Segment Start: EXERCISE DATA

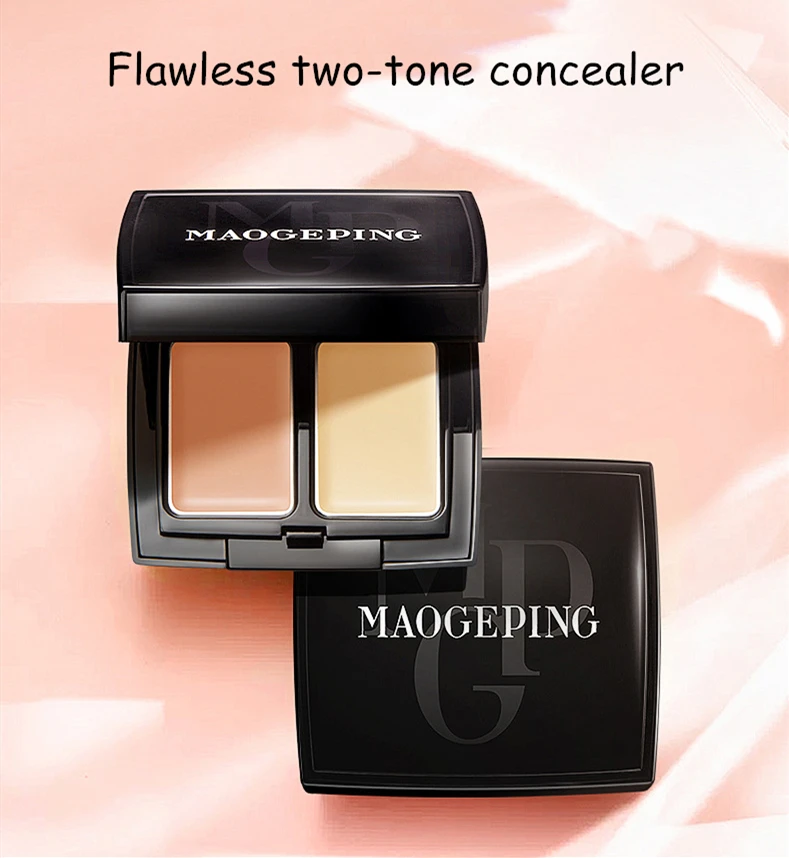 MAOGEPING Beauty Flawless Double Color Concealer Cream 1.8g*2 High Coverage Long-Lasting Face Makeup Moisturizing Cosmetics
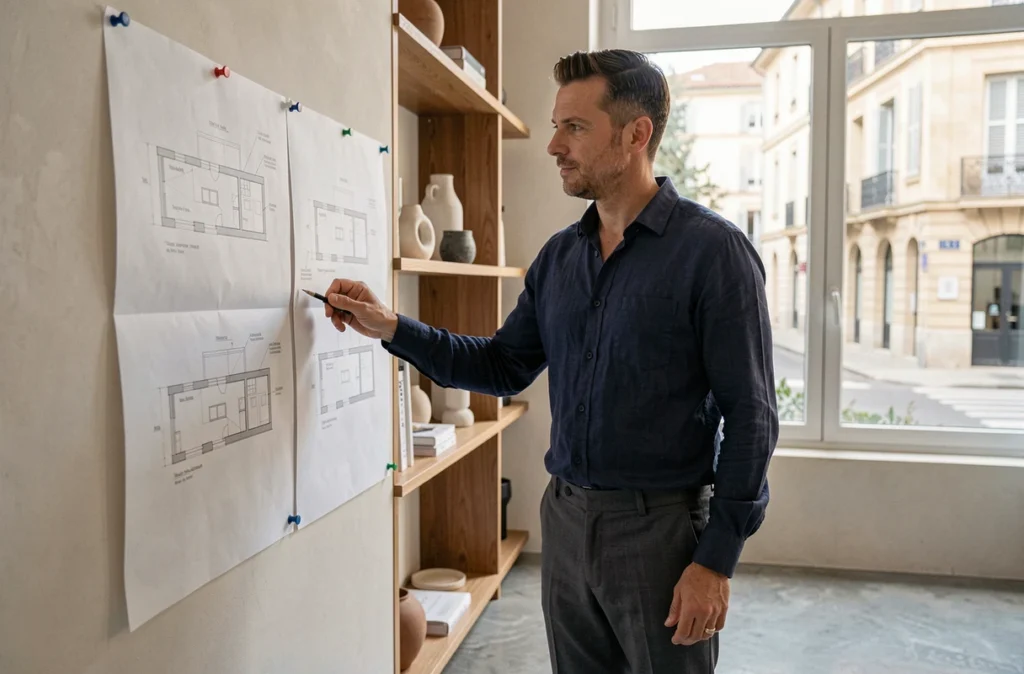 Architecte d'intérieur Adrien Maury de Notes de Styles Montpellier examinant des plans d'élévation dans son studio de design contemporain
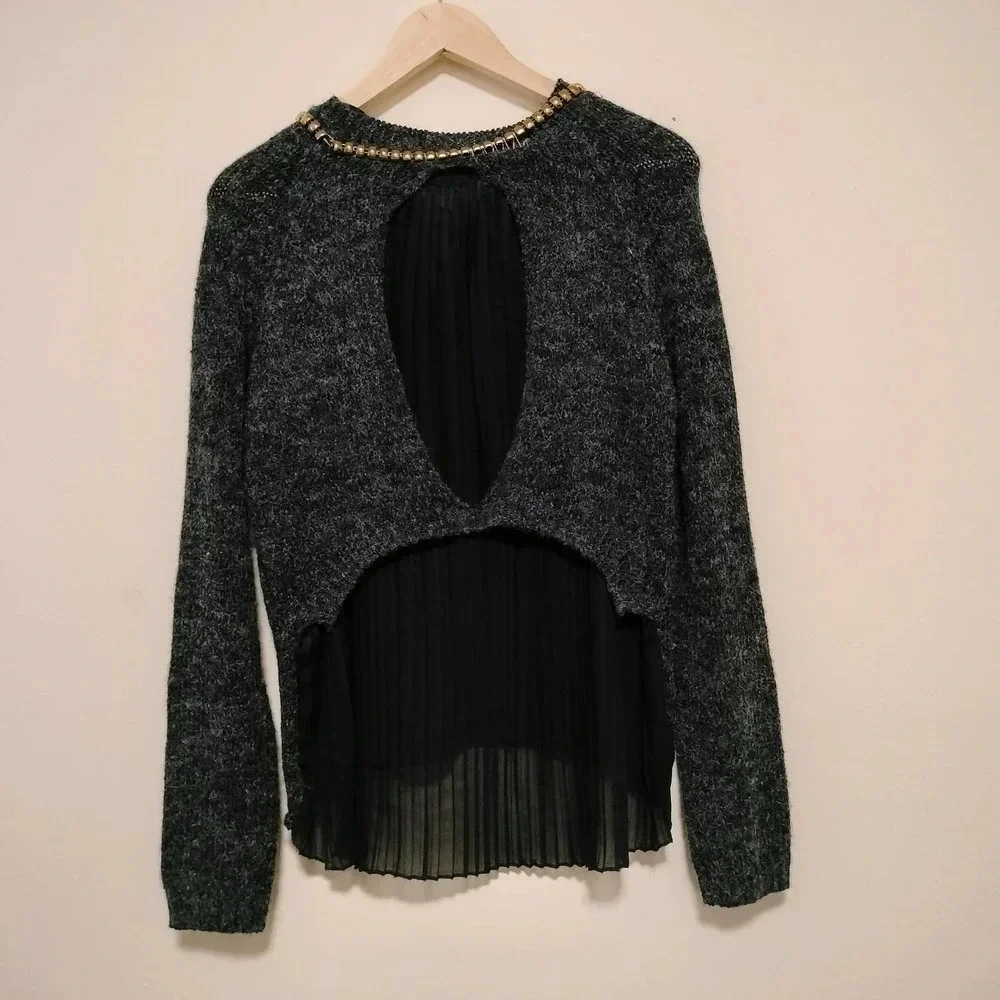 Karlie Size M/L Black Embellish Neckline Sheer pleated back Sweater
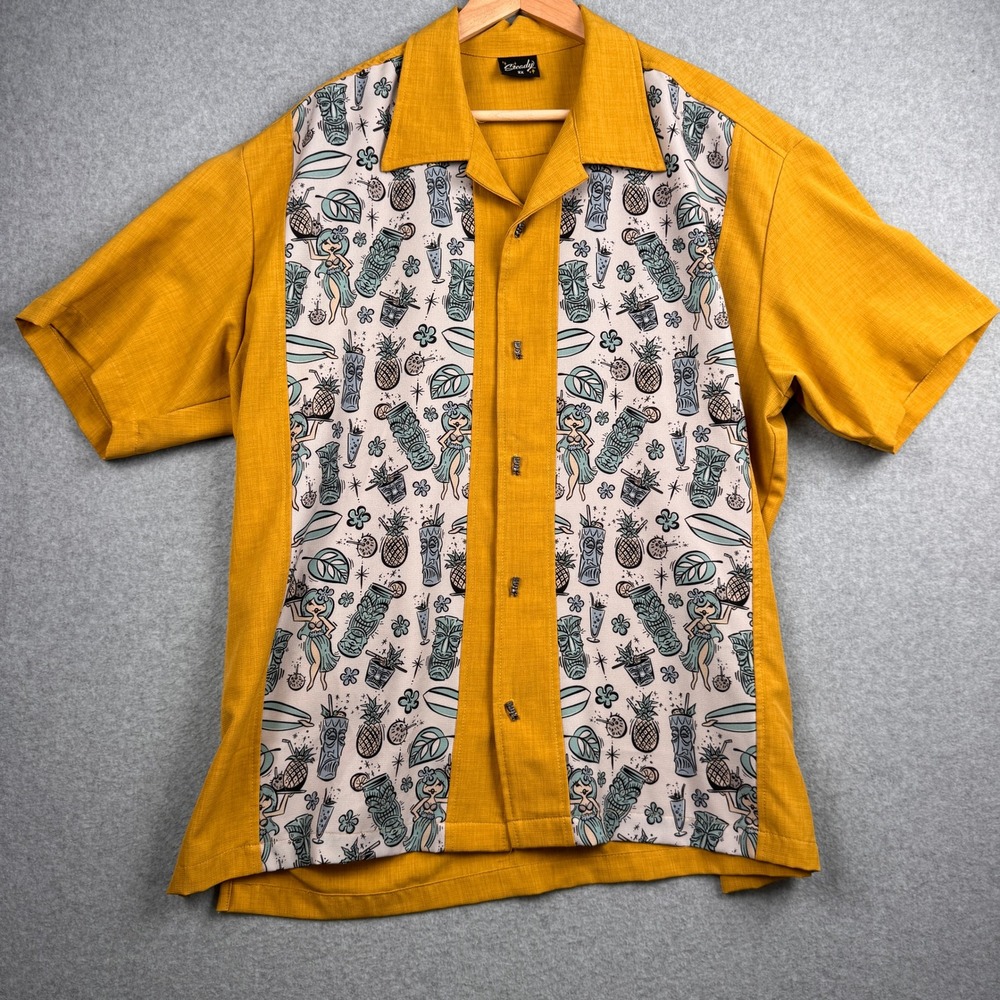 Steady Clothing Shirt Mens 2XL Gold Tiki Hula Graphic Retro Button Rockabilly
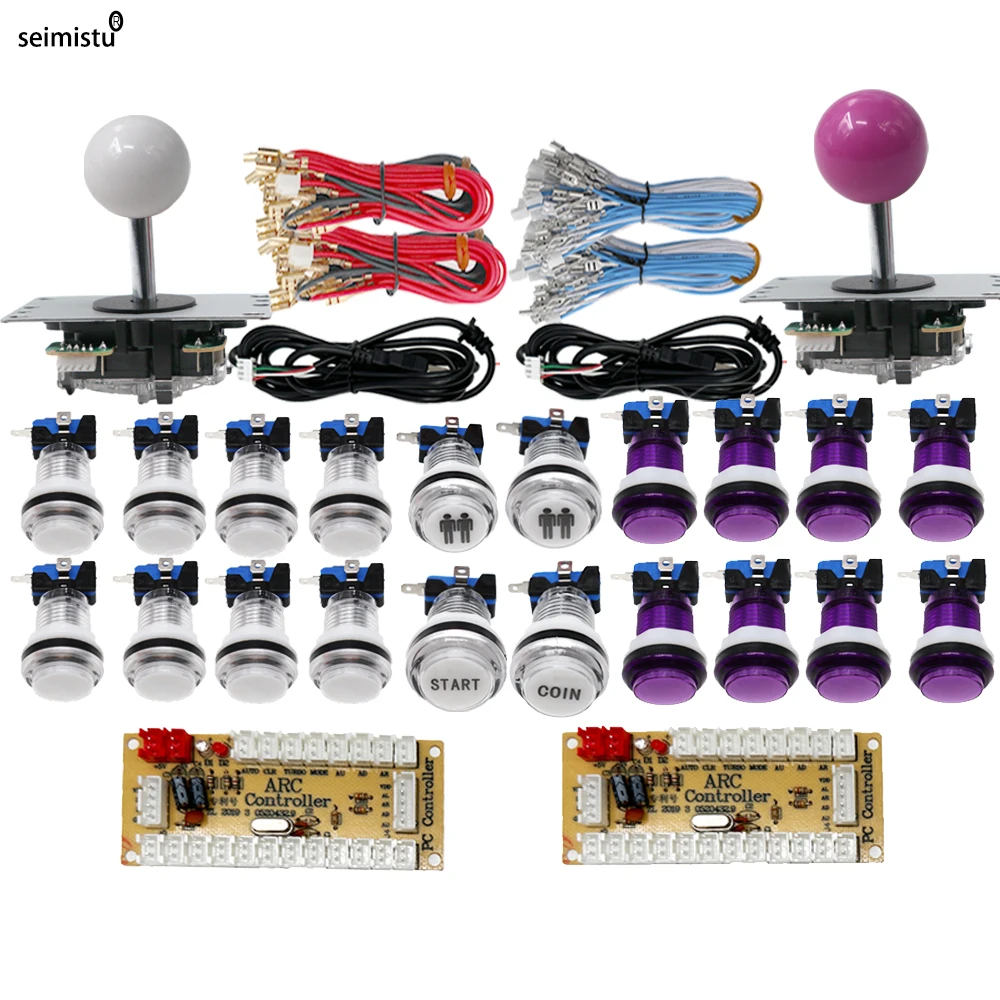 DIY PC Raspberry Pi Arcade joystick Game Kit Met LED Drukknop Amerikaanse Stijl Joystick USB Encoder Kabels Mame 2-spelers - afbeelding 1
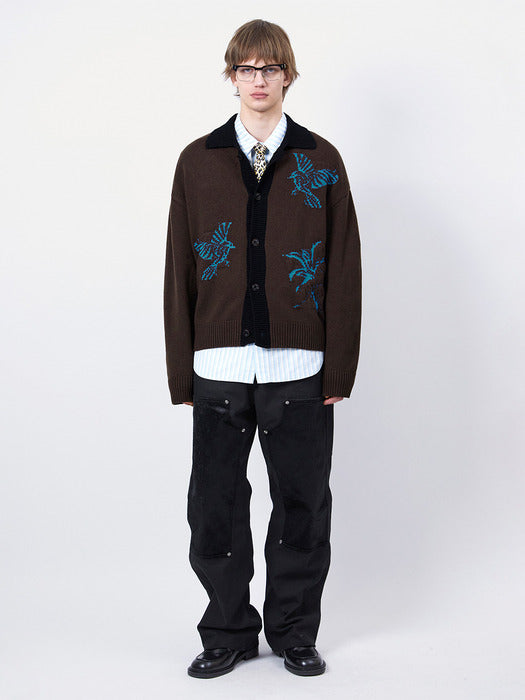 [andersson bell] UNISEX BIRD INTARSIA CARDIGAN atb1371u(BROWN)
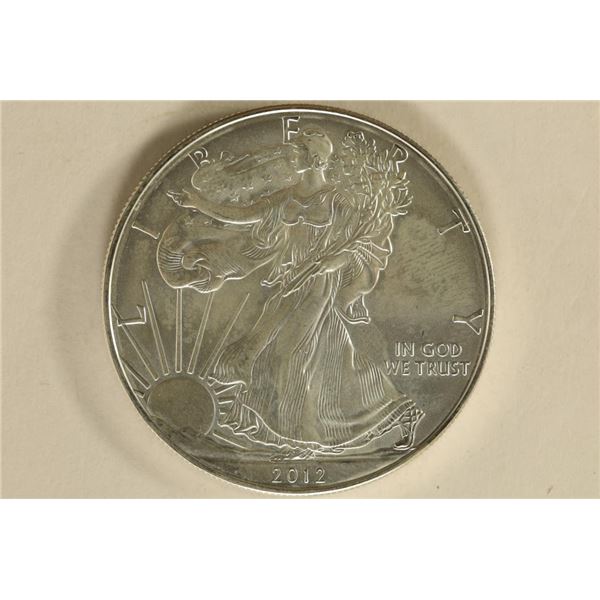 2012 AMERICAN SILVER EAGLE BRILLIANT UNC SPOTTED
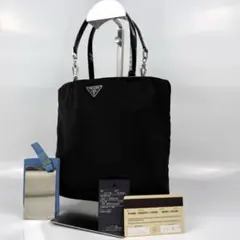 【付属品付き/美品】PRADA ミニハンドバッグ 三角ロゴ ナイロン 黒 白タグ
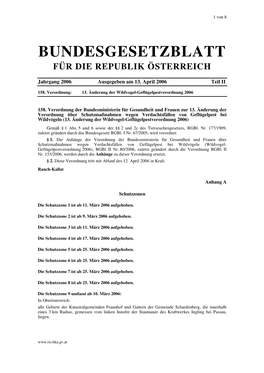 Bundesgesetzblatt Für Die Republik Österreich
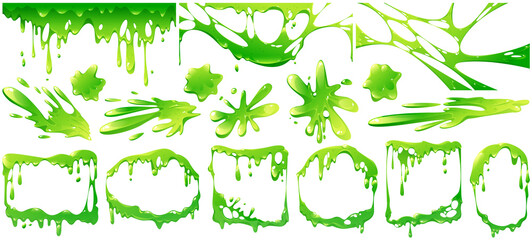 Wall Mural - liquid green slime splashes, border and frames from dripping poison goo. vector cartoon set of fluid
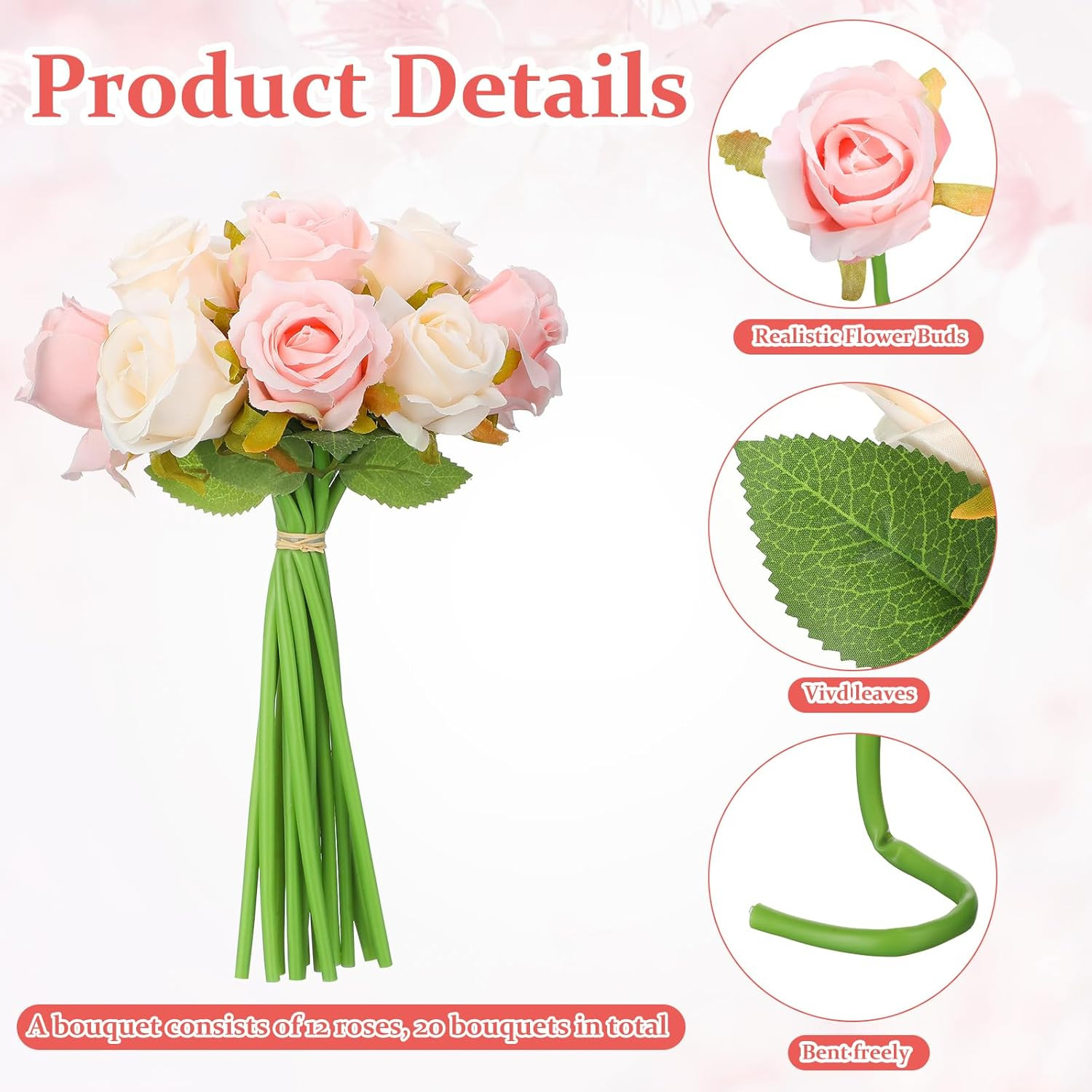 240 Pcs Pink & White Silk Rose Flowers for Weddings & Home Decor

Segment End: EXERCISE DATA

**WORK ITEM**:
Omit the pictures, then give all the lines above again exactly.

**WRITTEN ANSWER**:
 MAOGEPING Beauty Flawless Double Color Concealer Cream 1.8g*2 High Coverage Long-Lasting Face Makeup Moisturizing Cosmetics
 Architecte d'intérieur Adrien Maury de Notes de Styles Montpellier examinant des plans d'élévation dans son studio de design contemporain
 Karlie Size M/L Black Embellish Neckline Sheer pleated back Sweater
 Steady Clothing Shirt Mens 2XL Gold Tiki Hula Graphic Retro Button Rockabilly
 DIY PC Raspberry Pi Arcade joystick Game Kit Met LED Drukknop Amerikaanse Stijl Joystick USB Encoder Kabels Mame 2-spelers - afbeelding 1
 [andersson bell] UNISEX BIRD INTARSIA CARDIGAN atb1371u(BROWN)
 2012 AMERICAN SILVER EAGLE BRILLIANT UNC SPOTTED
 【付属品付き/美品】PRADA ミニハンドバッグ 三角ロゴ ナイロン 黒 白タグ
 Bundesgesetzblatt Für Die Republik Österreich
 Wall Mural - liquid green slime splashes, border and frames from dripping poison goo. vector cartoon set of fluid
 240 Pcs Pink & White Silk Rose Flowers for Weddings & Home Decor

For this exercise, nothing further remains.